Some years before – the boy has strung a rope between two trees, about knee height and he’s practicing his tightrope walk, he falls, and starts again, he perseveres. When he fights with Sepp, twice as old, three times heavier and five times as strong Sepp grinds his face into the dirt. When Tyll extracts his revenge Sepp nearly kills him, Tyll is not like the others. When Dr. Oswald Tesimond of the society of Jesus arrives Tyll’s father Claus naively incriminates himself in the eyes of the Jesuit. Others are ensnared, Hanna Krell makes her confession and condemns Claus as a warlock. A cupboard is;
“… now the interrogation room in which master Tilman and Dr. Tesimond worked day after day on luring the truth out of the old woman.”

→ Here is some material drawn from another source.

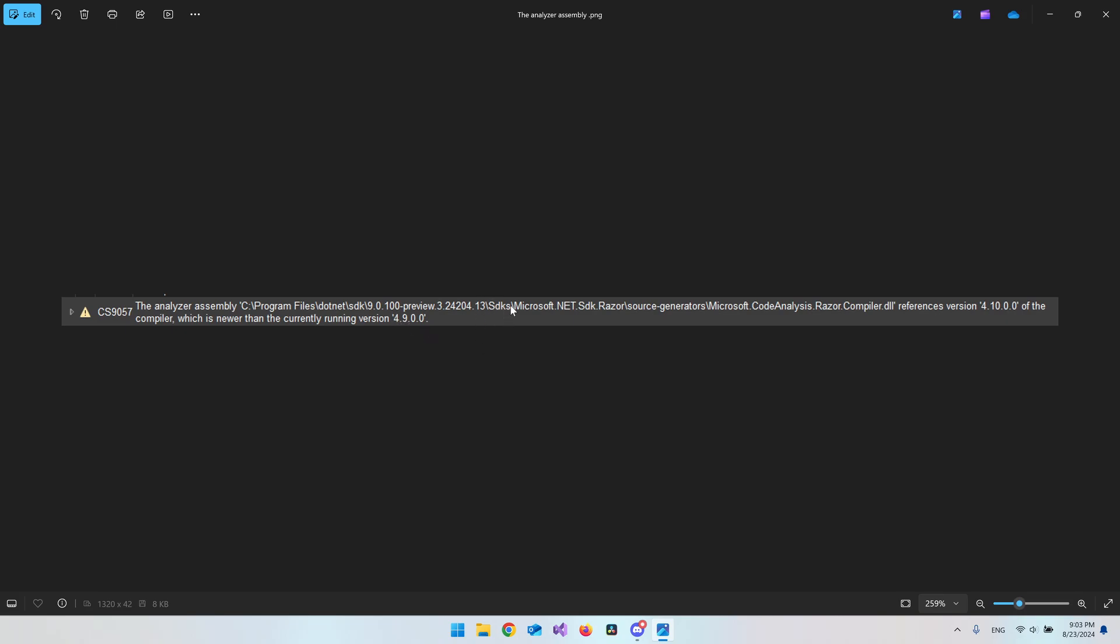This was an error that I got when I tried to make a new Blazor project inside Visual Studio. Basically what it means is that this file, the microsoft.codeanalyses.razor.compiler.dll, is looking for the 4.10 version of the compiler.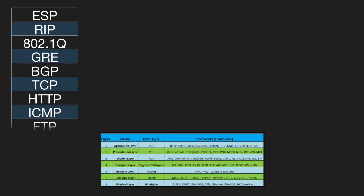At which layer of the OSI model does FTP reside? Layer 7. At which layer of the OSI model does AH reside? Layer 4.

Tyll is smart enough to know that the inquisitor is looking at him too. He decides to leave, then and there, no fuss. So begins the adventurous life of Tyll, court jester. He meets Elizabeth of England before she becomes queen, Adam Olearius the court mathematician of Gottorf, the exiled king Frederik V and Queen of Bohemia, Dr Kircher the draconologist, and the Holy Roman Emperor. He is a witness to the hunger, violence, intolerance, pestilence and death.
This is a tale of harsh times, a compassionate and empathetic portrait of a chancer, a man of his times who seized the nettle. The tale of the girl who rejects his offer is one short passage in the book but it speaks so poignantly of the lot of peasants, the masses at the time, of what might have been by did not come to pass. The multiple voices add balance and perspective to the story as folklore blends with real history. Tyll is superbly translated by Ross Benjamin, the humour and vibrancy of the story sing out from the pages.